▶ STUDY MATERIAL:
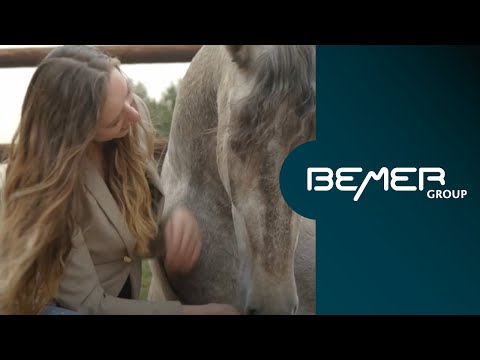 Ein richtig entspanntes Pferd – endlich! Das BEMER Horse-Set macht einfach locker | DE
==
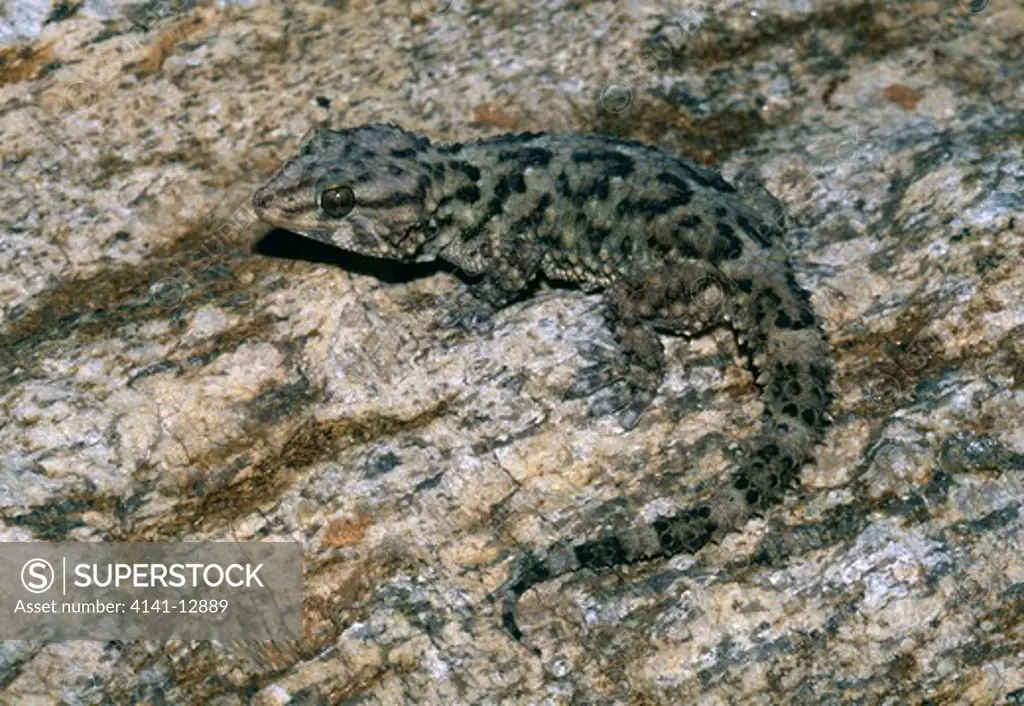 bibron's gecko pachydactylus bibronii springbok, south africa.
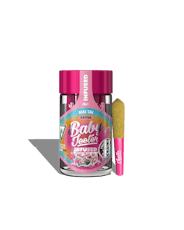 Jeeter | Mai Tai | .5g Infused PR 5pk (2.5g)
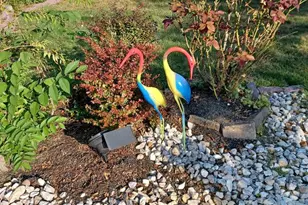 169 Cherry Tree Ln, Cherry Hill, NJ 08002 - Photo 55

▶ TASK DIRECTIONS: The line holding "bibron's gecko pachydactylus" starts the copy and the line holding "169 Cherry Tree" ends it. Repeat those two lines above and all between them exactly, leaving out pictures.

▶ SOLUTION FOR THIS EXERCISE:
 bibron's gecko pachydactylus bibronii springbok, south africa.
 Jeeter | Mai Tai | .5g Infused PR 5pk (2.5g)
 169 Cherry Tree Ln, Cherry Hill, NJ 08002 - Photo 55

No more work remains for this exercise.